### Collected material
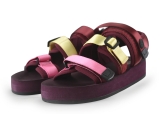 Scotch & Soda Sandalen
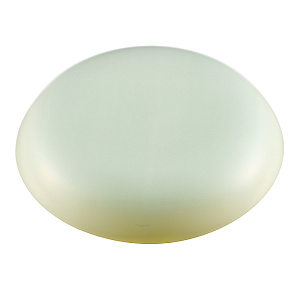 Глубокая тарелка Fizz Mint Luminarc 000000000001120414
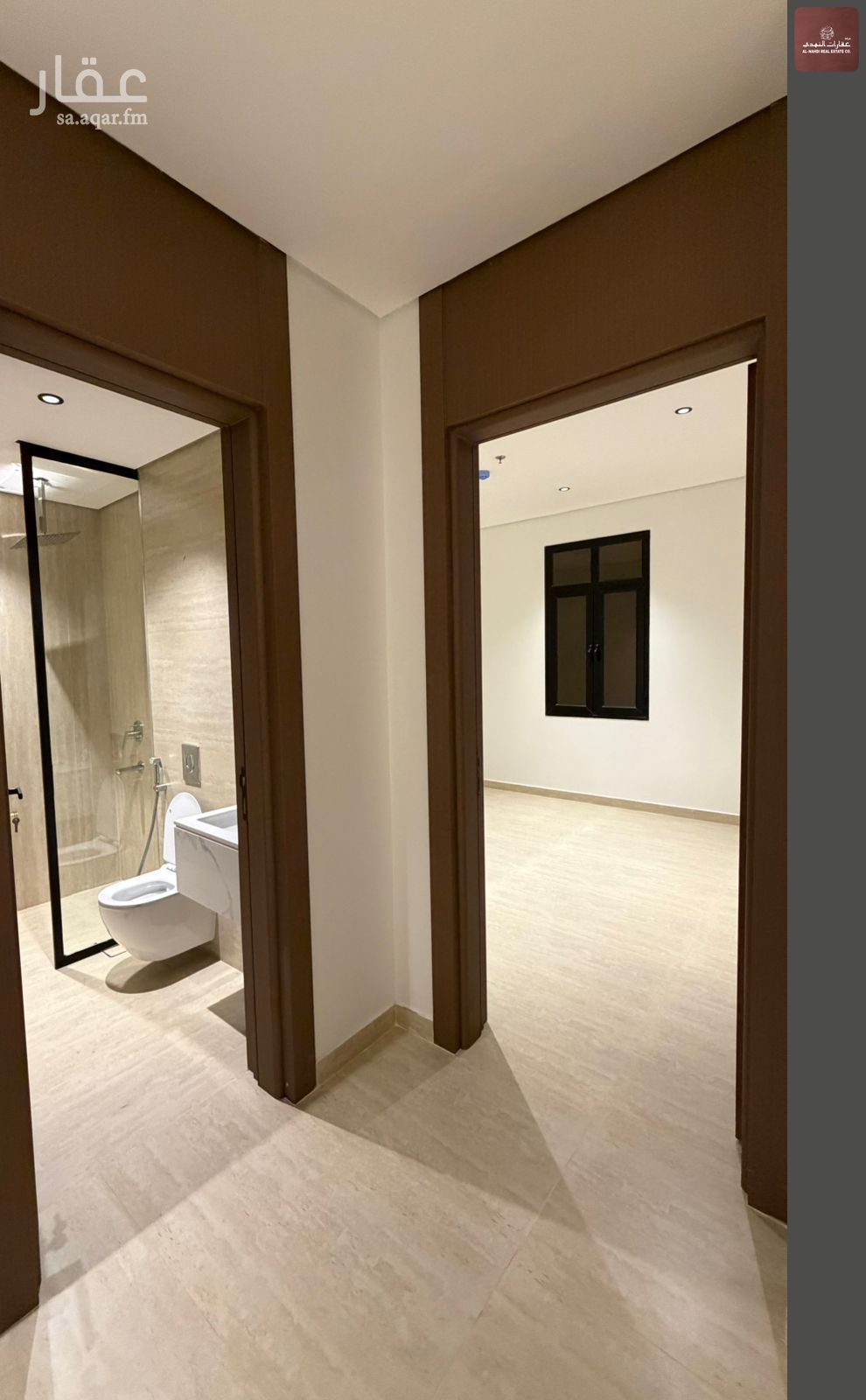 3 bedroom apartment in Al Khour, Eastern Province 12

### The task
Only the lines from the line holding "Глубокая тарелка Fizz" through the last line above belong in the answer, repeated exactly; the pictures do not.

### Task output
 Глубокая тарелка Fizz Mint Luminarc 000000000001120414
 3 bedroom apartment in Al Khour, Eastern Province 12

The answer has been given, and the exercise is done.